On March 23, 2016, a U.S. airstrike killed more than 50 AQAP fighters in a camp in Mukalla at dinner time, and injured more than 30.

== The battle ==
=== UAE-led ground offensive ===
On April 24, 2016, UAE soldiers entered Mukalla, successfully killing around 30 AQAP fighters. On the same day, Al-Qaeda fighters began withdrawing from the city to other parts of Hadramaut Province. This occurred after negotiations with local tribesmen and clerics, allegedly to avoid injury to civilians and destruction of the city from attacks against AQAP fighters. By April 25, Pro-Hadi Government forces and UAE forces had fully recaptured Mukalla, along with the rest of the coastal regions of the Hadramaut Province. On the same day, coalition officials stated that more than 800 AQAP fighters had been killed in the fighting, but that number was disputed by Yemeni journalists who covered the event, who said that the group retreated after negotiations. By 26 April, Mukalla and the rest of the surrounding towns and cities had been cleared of AQAP forces.
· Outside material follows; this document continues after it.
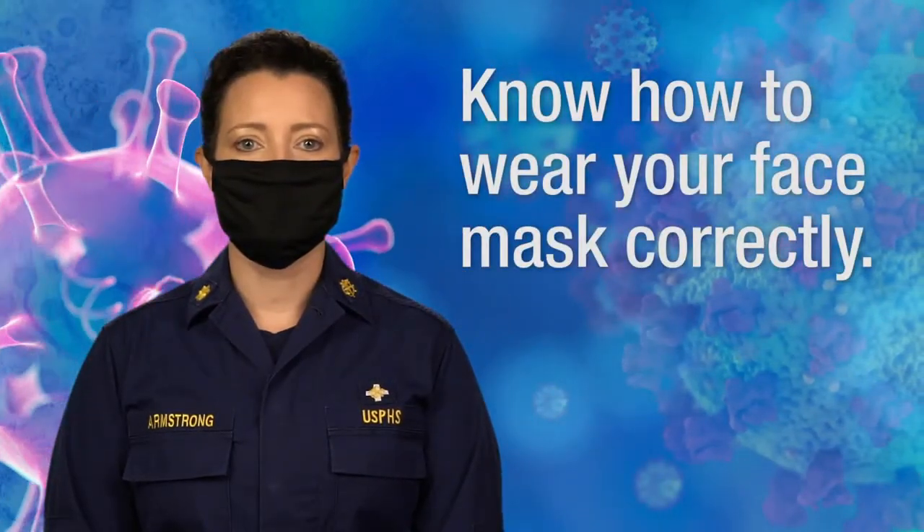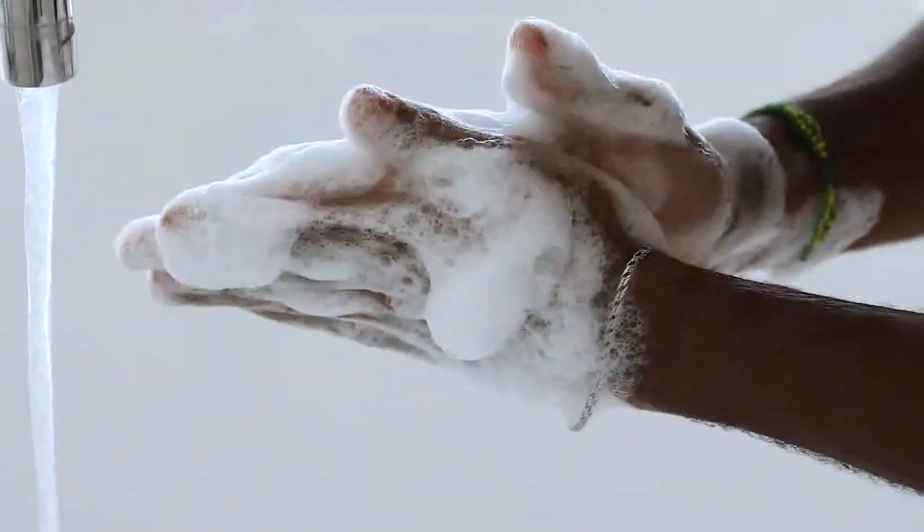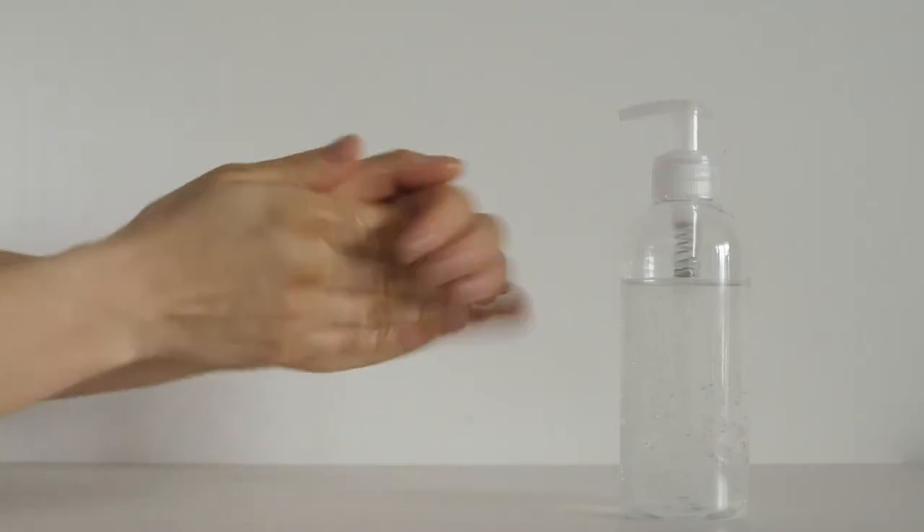Know how to wear your face mask correctly. First, wash your hands with soap and water for at least 20 seconds, or use hand sanitizer that contains at least 60% alcohol.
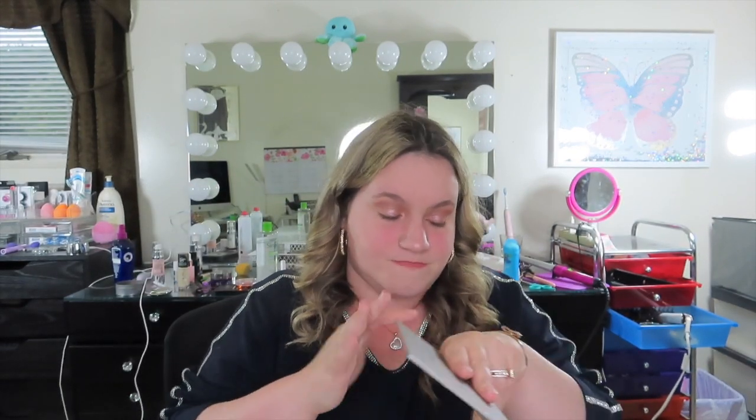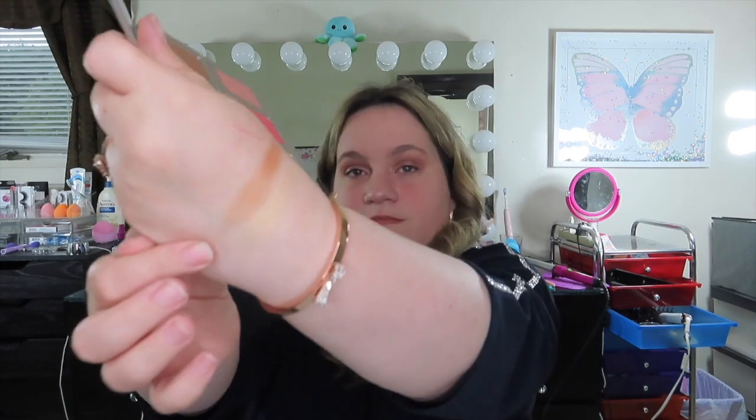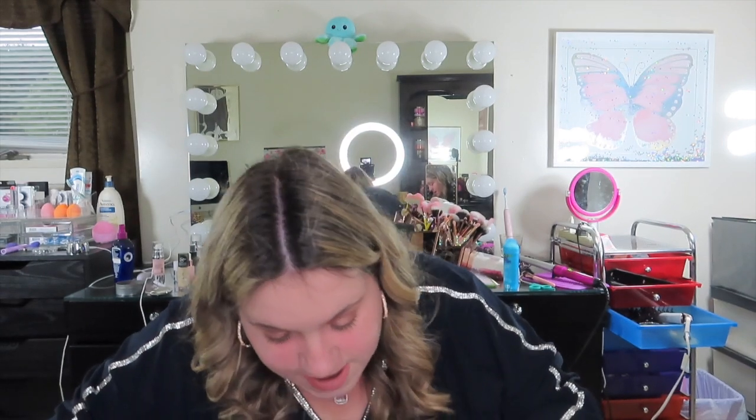I'm going to swatch all the shades. The first one is like a light golden color. The next one is a shimmery bronze. Then there's a matte bronzing shade. Next looks like a highlighter — a peachy-pink highlight shade. Then a pinky metallic blush shade. And the last one is a matte pink.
US Defense Secretary James Mattis called the UAE-led operation a model for American troops, citing how the United Arab Emirates Armed Forces liberated the port of Mukalla from AQAP forces in 36 hours after being held by AQAP for more than a year.

===US support===
On 6 May, Navy Captain Jeff Davis, a Pentagon spokesman, confirmed that US forces were deployed near the city of Mukalla during the battle, Force Reconnaissance Marines and Special Forces soldiers, but did not disclose the number of troops.

==Aftermath==

Following the battle, the UAE established a primary base of operations against AQAP in the liberated city. The special operations base has enabled the CIA and the Joint Special Operations Command (JSOC) to target AQAP's strongest cells in Yemen and allowed for an enhanced UAE-US cooperation against AQAP.